Write out, from the entries below, exactly the lines that run between the lines holding "Cleaning Braces (Tips" and "İmplant yerine sanayi", inclusive, and stop there.

▸ **Supplied data**:

━━━━━━━━━━━━━━━━━━━━━━━━━━━━━━

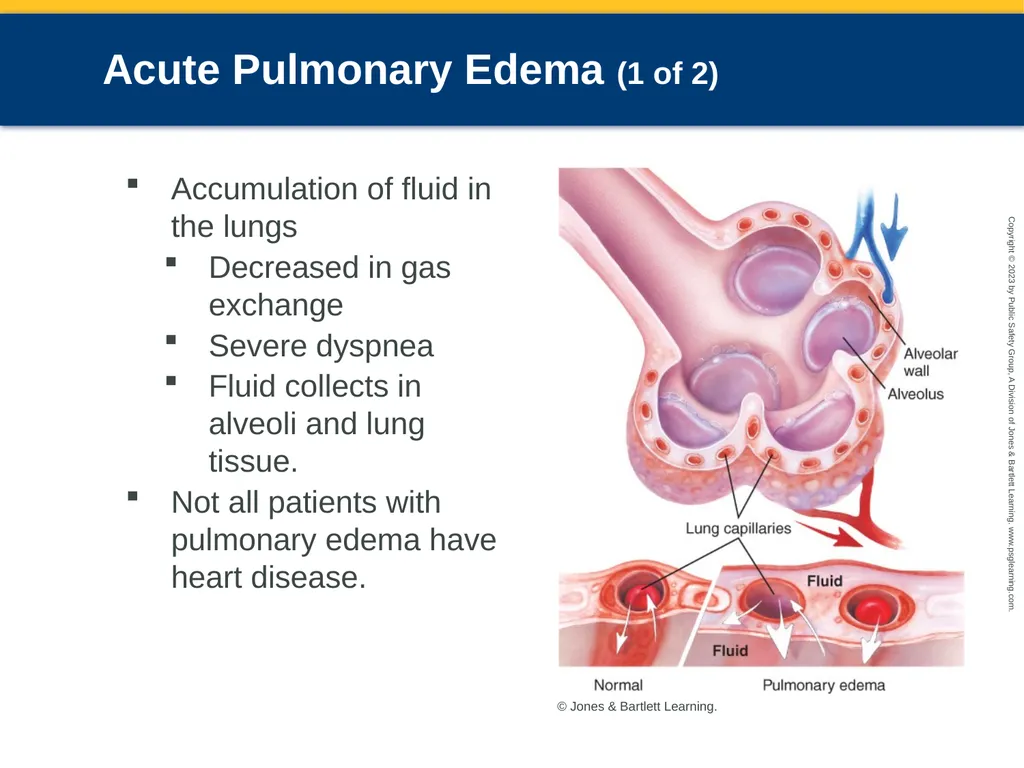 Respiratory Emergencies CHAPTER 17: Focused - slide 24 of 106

━━━━━━━━━━━━━━━━━━━━━━━━━━━━━━

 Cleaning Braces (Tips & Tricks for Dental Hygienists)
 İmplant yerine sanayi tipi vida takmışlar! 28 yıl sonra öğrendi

━━━━━━━━━━━━━━━━━━━━━━━━━━━━━━

▸ **Solution to this task**:
 Cleaning Braces (Tips & Tricks for Dental Hygienists)
 İmplant yerine sanayi tipi vida takmışlar! 28 yıl sonra öğrendi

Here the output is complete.